His first teacher was Captain Henry Cooke, followed by Cooke’s pupil, Pelham Humfrey, and, for keyboard, Christopher Gibbons, the son of Orlando Gibbons, whose works Purcell studied, along with those of Matthew Locke, especially his stage works. Despite a ten year difference in their ages, Purcell and John Blow forged a close and enduring relationship, akin to that between Haydn and Mozart a century later, with the younger man initially being influenced by and then later influencing the older one.
Upon leaving the Chapel Royal in 1673 when his voice broke, Purcell was engaged as assistant to the master of the king’s instruments, John Hingeston. And while he received no payment, presumably being supported by his comfortably-placed surrogate father, Thomas, himself a court musician, as Keates observes: ‘the experience of dealing with the technical aspects of individual instruments must have
been invaluable, and the inclusion of flutes and recorders in the list reminds us of his extremely sensitive use of the latter, especially in his odes and dramatic works.’

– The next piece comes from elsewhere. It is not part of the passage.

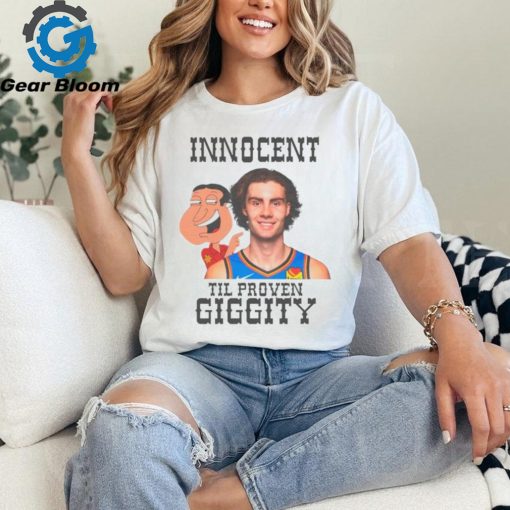 Innocent til proven giggity shirt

Purcell worked as organ tuner at Westminster Abbey for the next four years, during which he probably had lessons from Blow, the then incumbent, and derived some income from copying organ parts. In 1677 he was appointed to succeed Locke as composer-in-ordinary for the king’s violins. J A Westrup, in Purcell, describes the significance of this appointment:
It did not guarantee a reputation; he had yet to make his name as a composer. But he now had constant opportunities for perfecting himself in his art, and the duty of composing for him must have done what residence at Eisenstadt did for Haydn at a more mature age.

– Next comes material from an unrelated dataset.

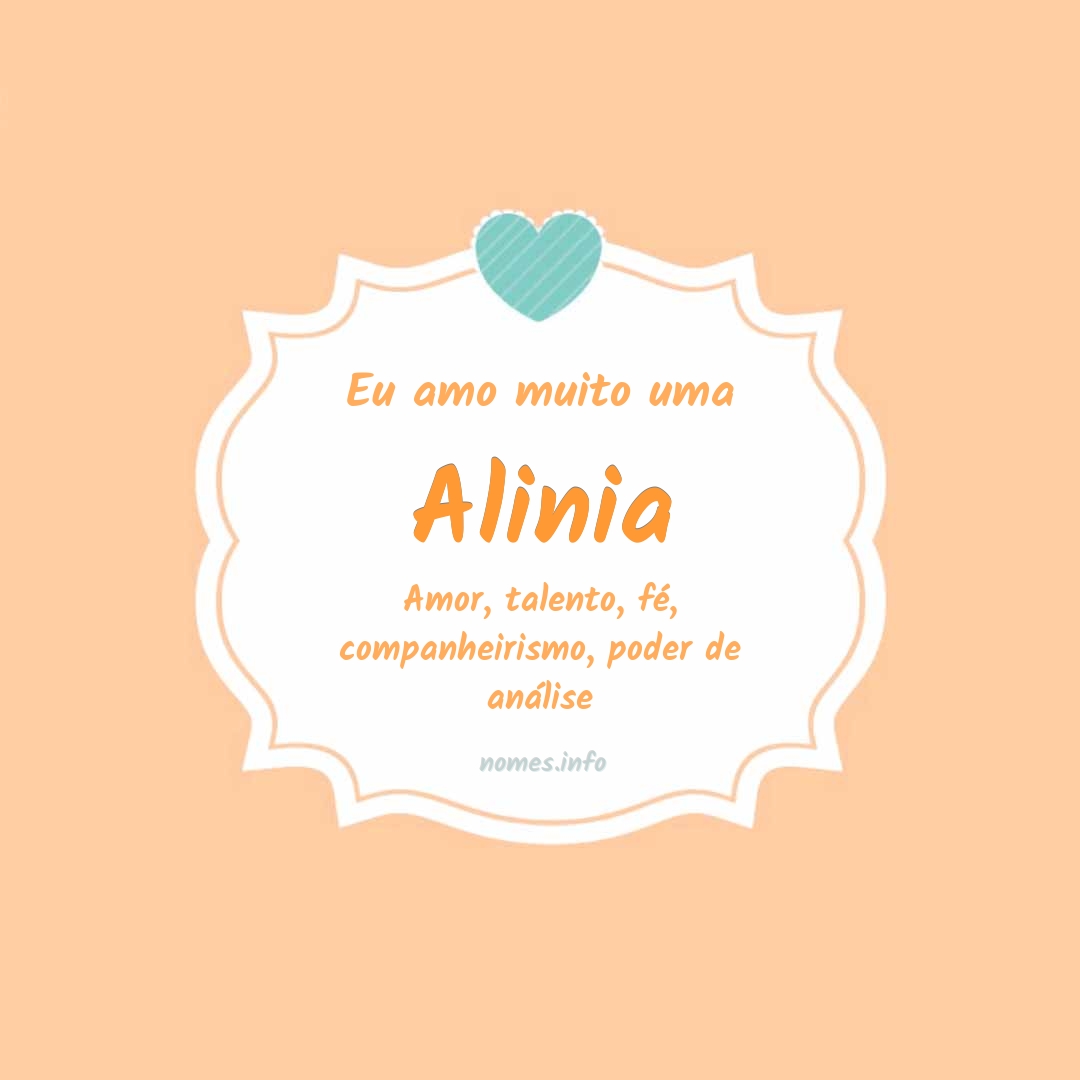 Eu amo muito Alinia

Purcell remained with the court throughout his life, serving under three monarchs and writing 24 royal odes for various occasions between 1680 and 1694, works which, when taken together, according to Westrup, reveal ‘continuous evidence of progress’ in the development of his own intrinsic style.
While his reasons remain unclear, in 1679 Blow surrendered his post at Westminster Abbey to his young friend. In 1682 Purcell also became one of the organists at the Chapel Royal, which required him to participate as a member of the choir. Then, upon the death of When Hingeston died, in 1683, he succeeded him as keeper of the king’s instruments, an appointment that carried considerable responsibility and was by no means a sinecure.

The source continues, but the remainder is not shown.